# What to do:
Search the entries for the string "Storage" and give the number of lines that hold it, nothing more.

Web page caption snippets
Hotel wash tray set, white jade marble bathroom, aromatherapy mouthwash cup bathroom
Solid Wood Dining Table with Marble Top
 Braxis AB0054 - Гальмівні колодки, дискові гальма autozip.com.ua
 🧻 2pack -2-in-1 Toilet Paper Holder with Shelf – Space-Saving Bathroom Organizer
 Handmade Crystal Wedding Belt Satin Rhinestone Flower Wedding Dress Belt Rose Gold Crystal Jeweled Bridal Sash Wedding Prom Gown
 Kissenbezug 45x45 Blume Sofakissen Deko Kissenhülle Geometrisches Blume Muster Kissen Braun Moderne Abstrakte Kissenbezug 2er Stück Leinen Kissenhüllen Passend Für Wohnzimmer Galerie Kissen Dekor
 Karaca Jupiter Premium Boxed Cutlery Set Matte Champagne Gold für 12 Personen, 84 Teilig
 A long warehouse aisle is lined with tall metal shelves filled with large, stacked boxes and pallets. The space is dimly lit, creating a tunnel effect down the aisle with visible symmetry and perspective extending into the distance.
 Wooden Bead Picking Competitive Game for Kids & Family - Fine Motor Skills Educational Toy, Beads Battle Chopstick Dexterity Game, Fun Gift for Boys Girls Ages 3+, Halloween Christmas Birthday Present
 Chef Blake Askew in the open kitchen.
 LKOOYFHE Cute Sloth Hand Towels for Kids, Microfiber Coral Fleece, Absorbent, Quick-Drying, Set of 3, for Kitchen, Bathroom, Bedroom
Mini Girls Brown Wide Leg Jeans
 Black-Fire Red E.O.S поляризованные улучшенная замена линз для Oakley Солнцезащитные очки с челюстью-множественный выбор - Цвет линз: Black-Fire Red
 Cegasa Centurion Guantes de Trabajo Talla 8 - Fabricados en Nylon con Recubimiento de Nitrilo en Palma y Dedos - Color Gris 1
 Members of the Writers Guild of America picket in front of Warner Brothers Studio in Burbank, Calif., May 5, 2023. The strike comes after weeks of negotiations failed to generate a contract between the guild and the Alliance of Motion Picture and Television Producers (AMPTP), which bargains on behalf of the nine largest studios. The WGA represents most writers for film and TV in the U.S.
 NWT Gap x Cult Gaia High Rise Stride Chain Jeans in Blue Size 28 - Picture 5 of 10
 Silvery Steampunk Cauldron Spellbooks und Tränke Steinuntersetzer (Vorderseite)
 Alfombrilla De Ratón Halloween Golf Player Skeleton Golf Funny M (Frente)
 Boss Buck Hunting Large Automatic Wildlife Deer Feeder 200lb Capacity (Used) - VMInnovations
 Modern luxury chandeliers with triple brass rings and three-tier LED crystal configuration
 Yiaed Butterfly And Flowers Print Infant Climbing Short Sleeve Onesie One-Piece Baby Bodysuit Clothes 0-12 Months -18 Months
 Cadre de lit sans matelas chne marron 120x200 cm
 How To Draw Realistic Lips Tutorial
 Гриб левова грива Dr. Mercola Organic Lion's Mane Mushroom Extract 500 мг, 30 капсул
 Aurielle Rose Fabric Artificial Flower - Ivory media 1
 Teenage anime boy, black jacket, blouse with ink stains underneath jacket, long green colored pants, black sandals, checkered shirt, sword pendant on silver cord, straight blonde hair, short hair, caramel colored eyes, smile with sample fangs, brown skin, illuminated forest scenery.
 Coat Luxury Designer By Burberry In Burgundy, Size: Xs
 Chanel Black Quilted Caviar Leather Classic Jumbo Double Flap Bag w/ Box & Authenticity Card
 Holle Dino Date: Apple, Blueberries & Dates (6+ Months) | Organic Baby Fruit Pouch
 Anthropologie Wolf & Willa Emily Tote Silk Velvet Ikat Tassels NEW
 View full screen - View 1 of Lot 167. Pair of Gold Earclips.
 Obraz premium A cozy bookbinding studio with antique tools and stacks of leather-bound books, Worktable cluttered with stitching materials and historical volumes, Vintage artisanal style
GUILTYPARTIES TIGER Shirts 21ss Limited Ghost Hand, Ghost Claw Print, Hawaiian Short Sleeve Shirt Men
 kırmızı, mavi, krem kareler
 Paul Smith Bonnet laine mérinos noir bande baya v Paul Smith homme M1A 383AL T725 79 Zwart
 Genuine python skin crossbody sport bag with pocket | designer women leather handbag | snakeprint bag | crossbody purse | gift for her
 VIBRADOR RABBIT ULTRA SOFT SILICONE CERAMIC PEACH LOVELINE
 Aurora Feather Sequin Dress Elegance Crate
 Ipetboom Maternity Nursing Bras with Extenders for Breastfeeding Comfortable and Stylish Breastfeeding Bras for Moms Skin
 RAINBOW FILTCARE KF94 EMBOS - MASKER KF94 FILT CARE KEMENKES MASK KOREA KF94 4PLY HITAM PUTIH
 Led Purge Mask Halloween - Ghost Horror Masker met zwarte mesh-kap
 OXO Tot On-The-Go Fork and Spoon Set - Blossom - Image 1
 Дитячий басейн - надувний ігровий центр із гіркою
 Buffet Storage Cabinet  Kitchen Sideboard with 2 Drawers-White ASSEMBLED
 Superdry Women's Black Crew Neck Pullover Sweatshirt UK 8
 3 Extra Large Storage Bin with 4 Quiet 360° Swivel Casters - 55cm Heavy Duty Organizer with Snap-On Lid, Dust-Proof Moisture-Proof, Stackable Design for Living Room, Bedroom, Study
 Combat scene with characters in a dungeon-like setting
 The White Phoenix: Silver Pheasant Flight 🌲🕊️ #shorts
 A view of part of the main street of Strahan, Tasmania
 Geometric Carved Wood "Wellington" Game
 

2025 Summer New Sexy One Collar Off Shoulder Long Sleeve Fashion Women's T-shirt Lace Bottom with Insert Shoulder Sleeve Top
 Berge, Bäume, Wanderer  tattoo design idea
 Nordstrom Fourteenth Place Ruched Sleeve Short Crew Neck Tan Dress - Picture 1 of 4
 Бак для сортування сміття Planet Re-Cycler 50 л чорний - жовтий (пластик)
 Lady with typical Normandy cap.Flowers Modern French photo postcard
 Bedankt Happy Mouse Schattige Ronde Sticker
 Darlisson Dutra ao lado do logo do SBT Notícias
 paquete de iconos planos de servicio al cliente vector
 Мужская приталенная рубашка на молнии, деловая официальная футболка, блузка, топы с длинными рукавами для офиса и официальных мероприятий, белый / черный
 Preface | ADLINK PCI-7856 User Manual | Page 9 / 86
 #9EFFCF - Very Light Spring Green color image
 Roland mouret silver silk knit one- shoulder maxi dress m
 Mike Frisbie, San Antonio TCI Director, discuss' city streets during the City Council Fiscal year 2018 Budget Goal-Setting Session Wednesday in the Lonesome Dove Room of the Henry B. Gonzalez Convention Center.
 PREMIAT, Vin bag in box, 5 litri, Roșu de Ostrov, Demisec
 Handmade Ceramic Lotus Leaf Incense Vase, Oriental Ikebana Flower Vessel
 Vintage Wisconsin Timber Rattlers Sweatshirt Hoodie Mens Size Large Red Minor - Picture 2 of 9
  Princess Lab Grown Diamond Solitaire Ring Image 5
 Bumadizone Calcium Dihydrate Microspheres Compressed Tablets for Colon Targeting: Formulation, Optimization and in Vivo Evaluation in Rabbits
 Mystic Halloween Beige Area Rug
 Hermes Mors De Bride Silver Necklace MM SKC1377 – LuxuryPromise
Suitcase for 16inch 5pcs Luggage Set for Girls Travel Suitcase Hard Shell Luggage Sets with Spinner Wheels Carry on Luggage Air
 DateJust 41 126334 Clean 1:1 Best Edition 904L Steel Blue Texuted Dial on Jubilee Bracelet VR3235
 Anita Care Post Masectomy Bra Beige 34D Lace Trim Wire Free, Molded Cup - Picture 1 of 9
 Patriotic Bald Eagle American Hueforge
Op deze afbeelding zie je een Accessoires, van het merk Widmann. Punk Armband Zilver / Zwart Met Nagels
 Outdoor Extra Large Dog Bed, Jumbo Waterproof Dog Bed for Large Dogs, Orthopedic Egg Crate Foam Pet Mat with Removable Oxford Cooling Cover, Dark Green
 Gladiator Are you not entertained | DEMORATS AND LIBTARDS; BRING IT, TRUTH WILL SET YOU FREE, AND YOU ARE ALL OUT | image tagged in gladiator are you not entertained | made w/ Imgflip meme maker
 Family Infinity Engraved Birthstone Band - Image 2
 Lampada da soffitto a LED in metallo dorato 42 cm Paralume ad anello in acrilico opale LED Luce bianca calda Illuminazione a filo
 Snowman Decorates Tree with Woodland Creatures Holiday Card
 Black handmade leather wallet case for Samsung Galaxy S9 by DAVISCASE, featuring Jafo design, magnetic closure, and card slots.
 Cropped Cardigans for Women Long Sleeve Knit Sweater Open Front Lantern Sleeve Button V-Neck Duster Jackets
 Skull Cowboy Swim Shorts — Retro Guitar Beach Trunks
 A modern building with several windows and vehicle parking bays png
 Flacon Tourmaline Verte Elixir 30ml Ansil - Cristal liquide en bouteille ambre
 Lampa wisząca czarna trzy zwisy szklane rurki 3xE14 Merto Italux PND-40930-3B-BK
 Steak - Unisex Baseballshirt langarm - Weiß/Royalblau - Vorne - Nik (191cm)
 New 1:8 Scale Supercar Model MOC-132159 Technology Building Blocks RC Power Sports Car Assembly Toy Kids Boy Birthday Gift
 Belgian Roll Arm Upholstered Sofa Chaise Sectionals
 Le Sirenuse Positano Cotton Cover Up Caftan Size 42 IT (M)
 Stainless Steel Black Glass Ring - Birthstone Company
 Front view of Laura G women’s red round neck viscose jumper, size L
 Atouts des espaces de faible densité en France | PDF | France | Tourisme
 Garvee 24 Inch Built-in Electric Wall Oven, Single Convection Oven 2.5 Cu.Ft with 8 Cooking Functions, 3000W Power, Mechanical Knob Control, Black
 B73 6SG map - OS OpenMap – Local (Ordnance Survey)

# Answer area:
2